Rule of the Milesians

The last of the cycle. This is where I will end. If you would like to see my past go to tuathadedanann3.blogspot.com and then morrigana3.blogspot.com

Monday, April 24, 2006

Continued Poetry from Before

I can hear it again
that beating in my ears.

I'm not sure what it means, but I think I can hear you again.

I want to see you tomorrow

If you don't mind, I'd like to spend the night.

I want to show you what I did this week

Show my sister the person I see in you

Then there is pain pulsing thorugh my ear and into my neck
It comes from the air swirling around me

I think that's the real world

I was listening to it for a while, but who is really right?

When your hadn envelopes my neck, your plam pressed into the soft parts of my skull, the rest of the world disappears.

I need to find a balance between you and the everything else

between those green glass bottles and my ancient rays of Zeus

The pulsing is replaced by the steady tick of an industrial clock that even your palm can't defeat.

We have to choose.

and you know I already have.

Sunday, April 16, 2006

Today is Easter. Ostara was on thursday. The weather is being nice and staying warm. Aside from the school semester coming to a close, everyting is really good.

My sister flew in this morning and is currently in a van somewhere between the airport and my dorm. I'm glad she's coming. While the next week is going to be insanely hectic because of her, I don't have any hesitations.

I'm starting to slowly acquire the scent of sunscreen that summer inevitable bring.

The Sister just arrived.
so goodbye.

Friday, April 14, 2006

Forgotten

Who’s time did we borrow?
When I cut you out of my life, out of every hour and every second, every missed sunrise and waited for sunset, there wasn’t any time missing
How can my life still be complete?
I should be missing days at a time, entire memories and events should have been completely erased.
And while I don’t remember you, your lips on my skin, I’m missing nothing.
I have everything I started with and every thing I learned without you in between
I once thought I couldn’t live without you and now I can’t recall your name.

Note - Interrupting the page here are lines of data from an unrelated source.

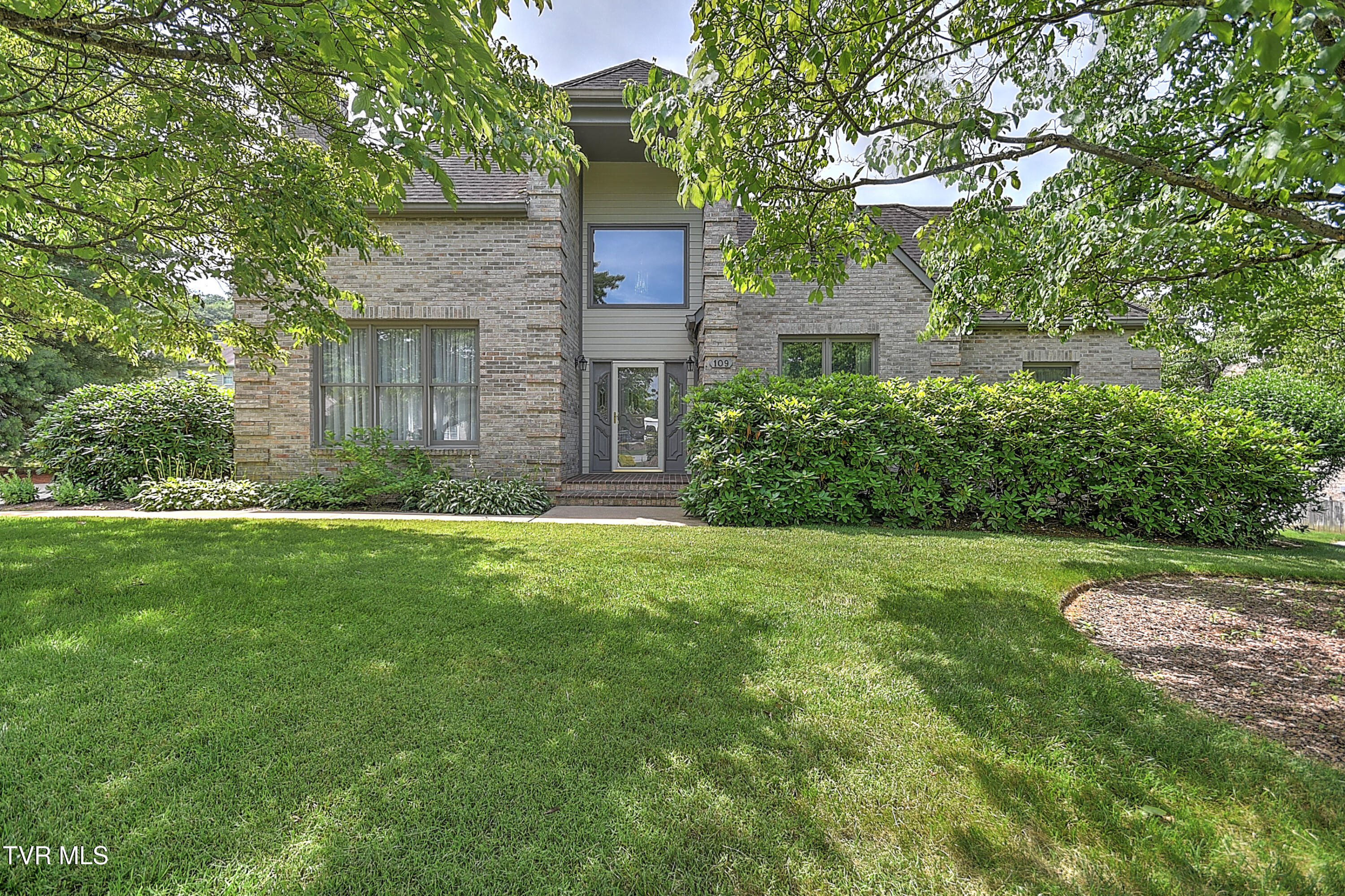 109 Woodbriar Drive Property Photo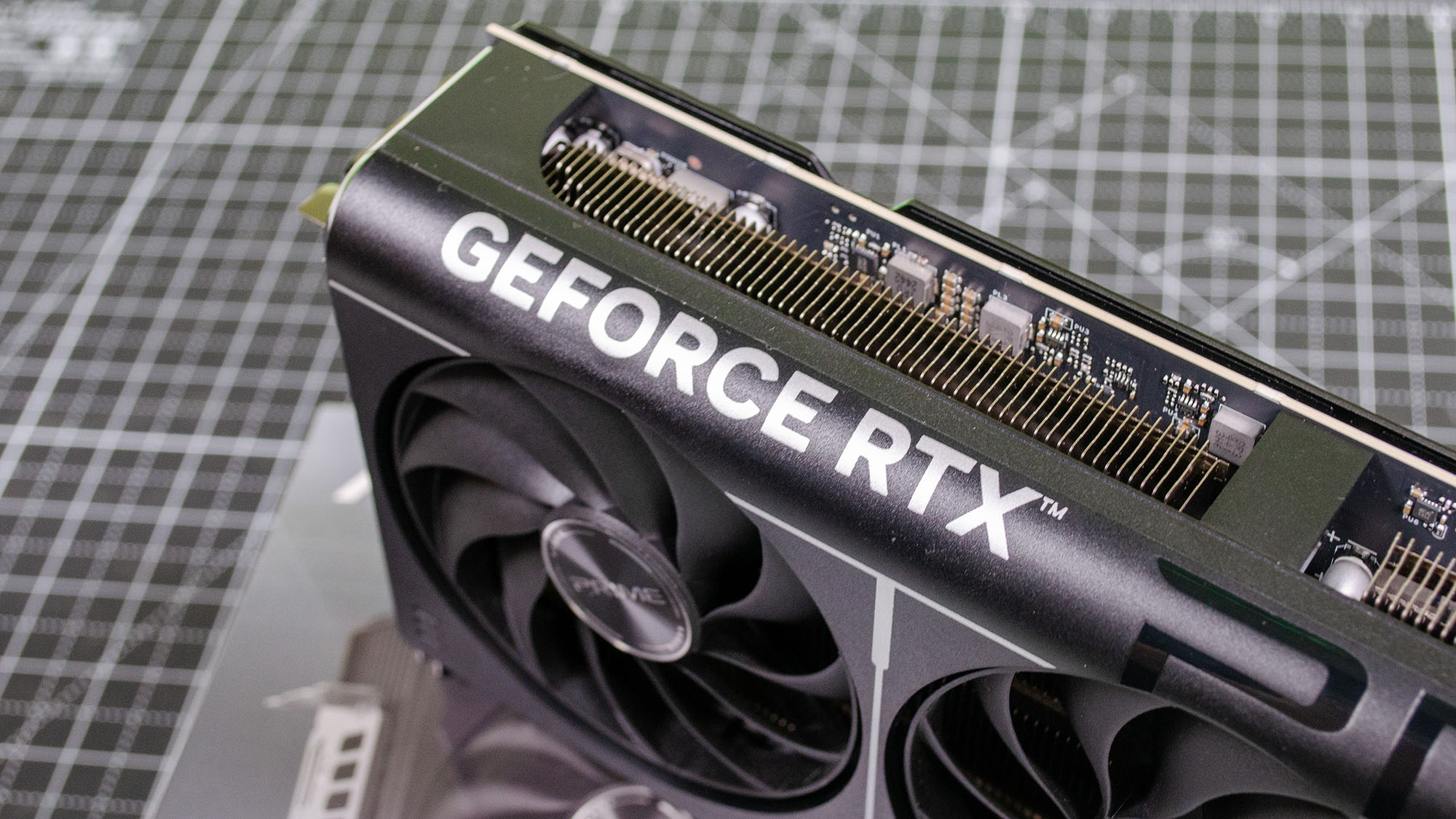 لقطة مقربة لعلامة Nvidia GeForce RTX التجارية على بطاقة 5070 Ti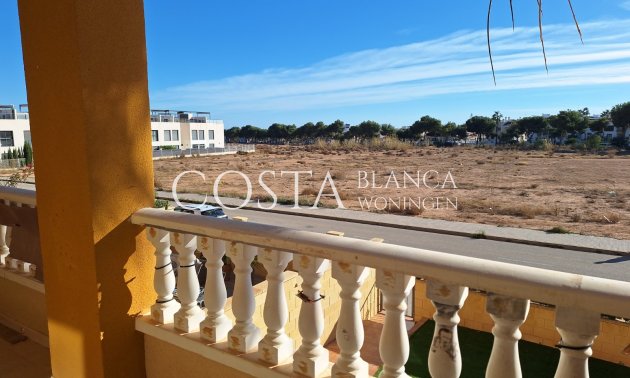 Odsprzedaż - Apartament -
Orihuela Costa - Villamartín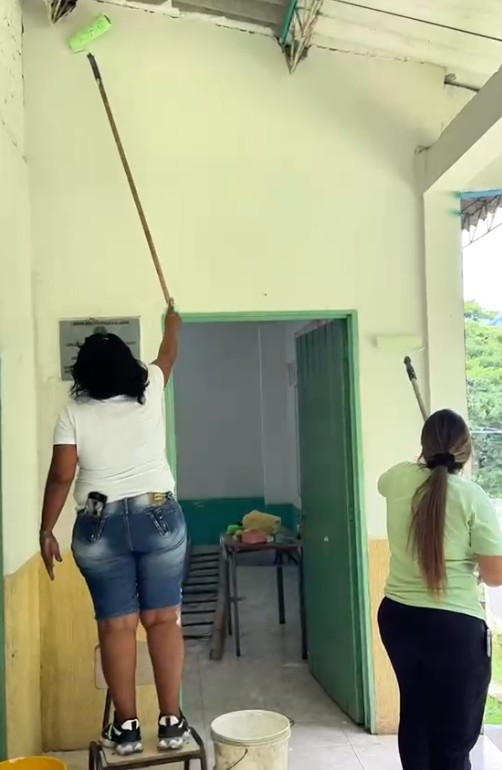Comunidad rural transforma escuela con jornada de embellecimiento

I wonder if someone else is missing time.
Did we steal it from them? Is it gone forever or just now been returned?
I hope they get it back and I hope it is filled with all the emotions I might have felt, but now can’t remember.
I hope they use it better then I did and if they ever lose it that they feel the loss.
Because its time I didn’t need, I just wasted it playing with you and now it doesn’t matter anyway.
The rest of this time is mine alone and I hope to full every un-definable piece of it so it bursts and overflows
And you, you have your own time.

Thursday, April 13, 2006

There is no beginning and no ending, but things keep changing and continuing. Life is not a circle, life is loops, that only slightly overlap when they double back, but they keep moving away and away and away and you have to run to keep up and just when you think you know where its going and you're almost on top of it, the direction changes and your behind again.

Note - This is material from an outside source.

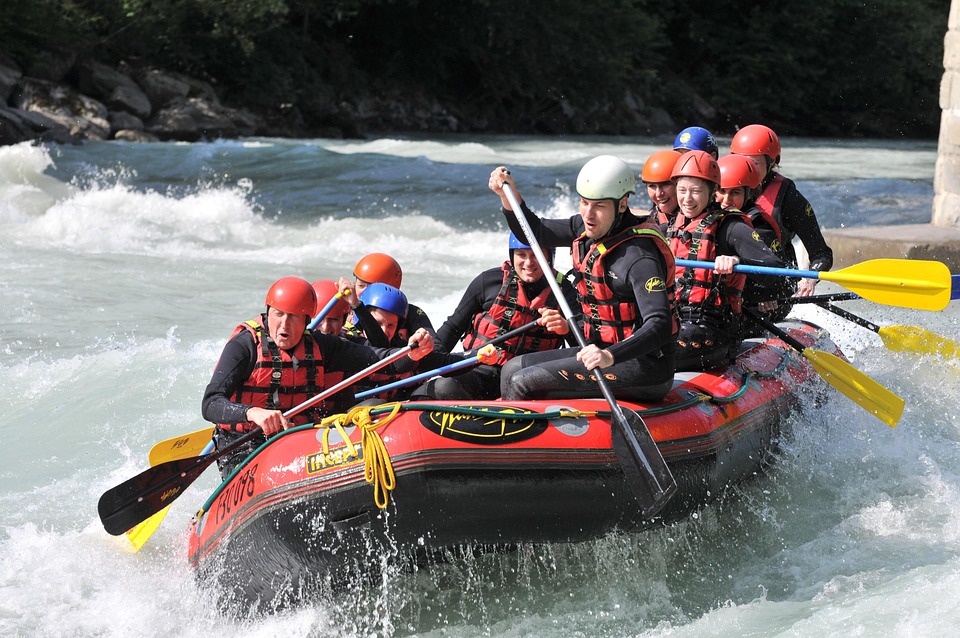 Rafting Sungai Terbaik di Indonesia: Petualangan Tak Terlupakan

why do we keep playing this game? Not that I think there is a better way or an alternative, but still I will ask the unanswerable with the rest of the masses: why?

Will I ever find out?

Monday, April 10, 2006

A New Beginning

I don't think you ever really have a new beginning. The past clings in the deeps pores of my skin and I can't scrub it out. But I can deal with that and it you don't get too close you wont see it either. But sometimes people get close enough, i'm caught a little off guard, they sneek up on me and they see into my pores and they see all the blemishs and they don't know how to react and their habits change and they lose sleep and they give long lectures and I slowly back away. I try to refocus myself in their lense, but they are stuck on those blemishes and they just want to fix them and I just want them to forget and its happened a million times and its aways the same. How do I tell someone in the beginning that it will end the way it always has? Will they really want to know? Will it really change anything? Why start again?

Needly to say I'm trying to ignore the past and the present which seem to have rolled themselves into one and I see every boy and man who has ever tried to love my before my eyes in the same person. And its a little different because we're both older, but you still don't understand and I still can't/ don't want to explain. Its just how I feel there isn't an explanation. I've never had words to explain this and you tell me its not normal and that doesn't help.

But this time you said it too. You voiced my problem. Before it was only a whisper in my brain, a thought dancing across my synapses easily enough brushed aside. You're right. I can't love. I never have been able to. At least not romantically. I believe I love my parents and my sister, but that's different isn't it? That's not the kind of love you want. I don't have passion for people. My eyes don't light up when I see you. I don't scream when I want to touch you so badly it hurts - well, that's what I'm told its supposed to be like. I like planners and schedules and organized pages. Those make my eyes light up. Maybe sometime is wrong, but its never been different.

I hardest part is when you realize I can't love you back with the same intensity that you love me. I can feel the pain behind every glance and every accidental touch. You can't kiss me anymore. You can barely say good morning. I'll stop spending the night. My draw will slowly empty. You'll stop seeing me at work. I'm looking for a new job anyway. Soon you'll through my toothbrush away. I won't be able to use it from across the country, I'll have bought a new one. Then one day you'll open my draw - just to look - and see that ring you gave me, the one I wear around my neck. But it will be alone. The chain - which was mine - won't even be there. So you'll take the ring out and put it on your desk. You bought new boxers and they don't fit in the other drawer. That's when I'm gone. An ocean away. Don't let me fill your thoughts. You'll only be another shadow in mine.

I won't give you this blog address. I don't want you to read this and know the end yet. If that's where you left this fall to.